───── INFORMATION SUPPLIED ─────

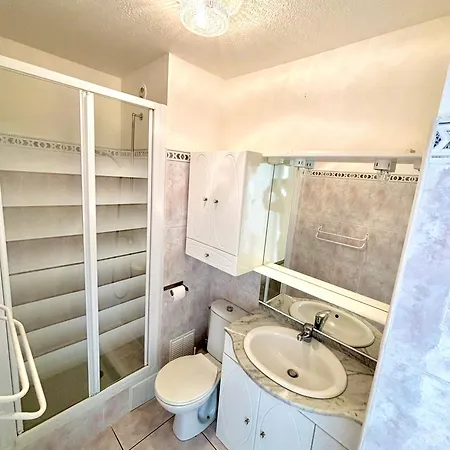 Confort 20 Metre Appartement Saintes-Marie-la-Mer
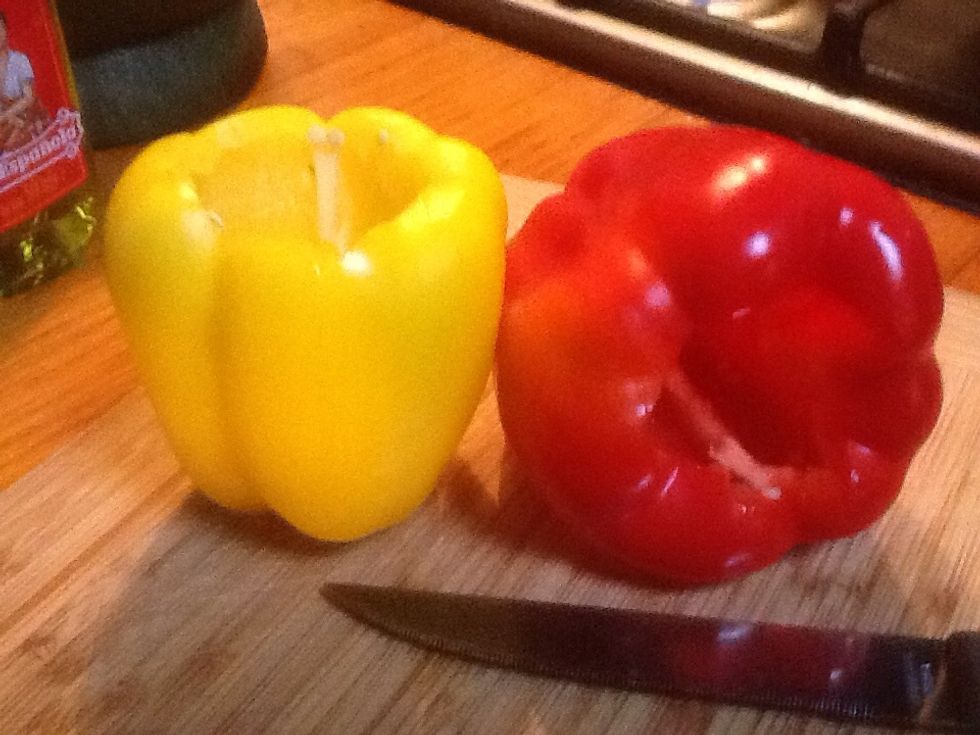 Deseed the capsicum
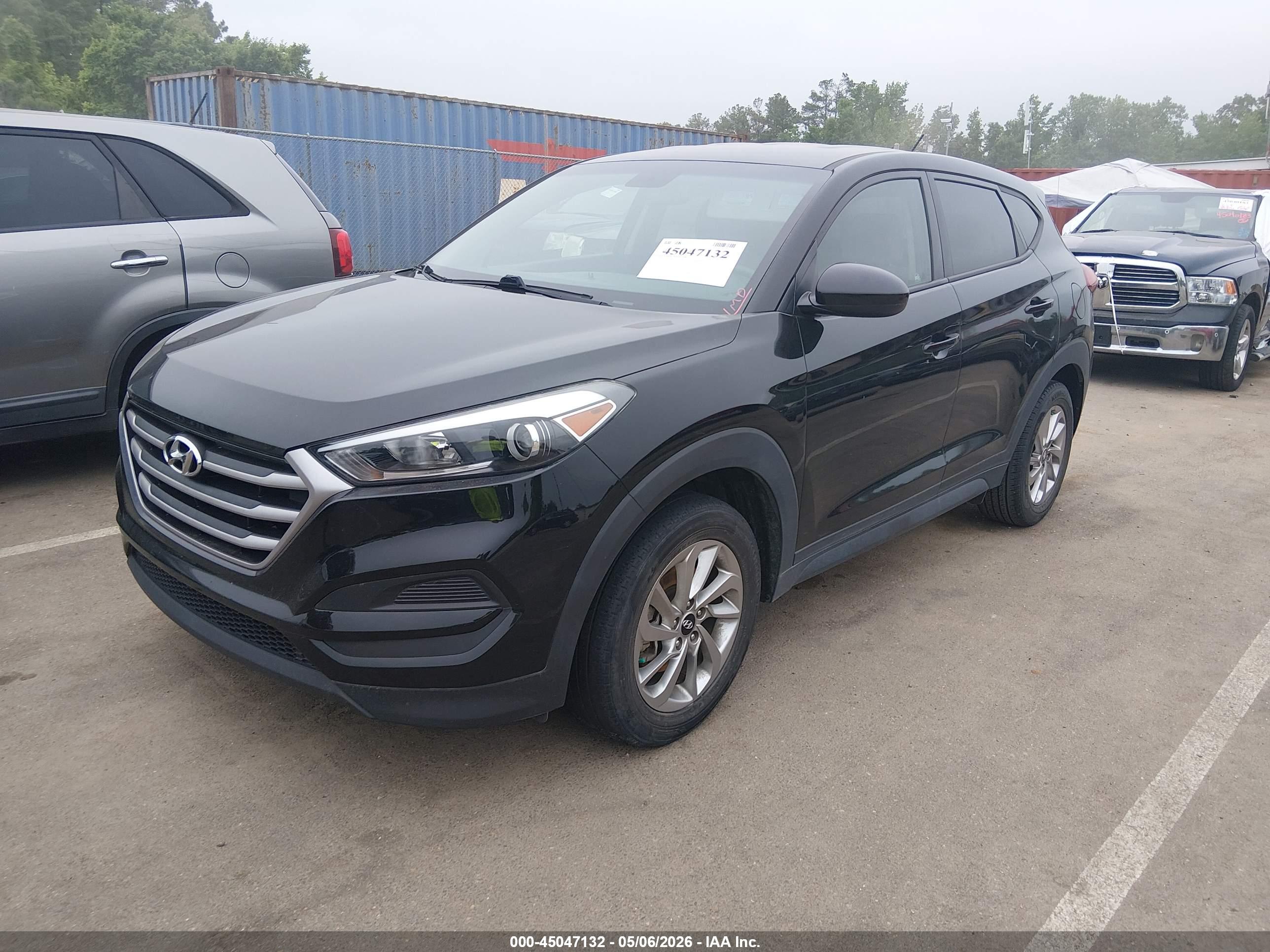 HYUNDAI TUCSON image 2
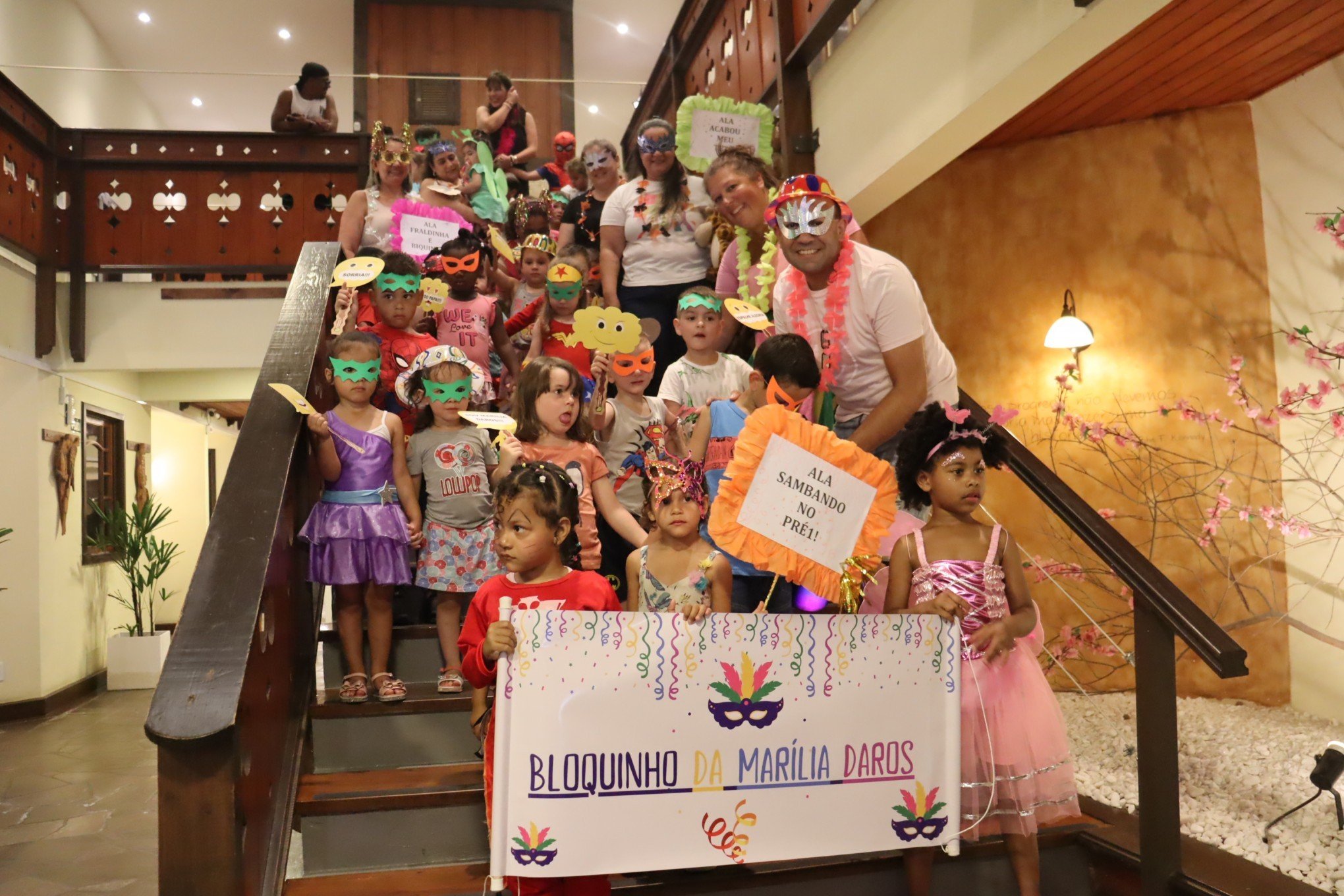 Bloquinho de Carnaval de escola infantil de Gramado faz sucesso em área central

─────

» **EXERCISE**
Every line of the data above is to be set down exactly; the pictures are not.

» **SOLUTION FOR THIS TASK**
 Confort 20 Metre Appartement Saintes-Marie-la-Mer
 Deseed the capsicum
 HYUNDAI TUCSON image 2
 Bloquinho de Carnaval de escola infantil de Gramado faz sucesso em área central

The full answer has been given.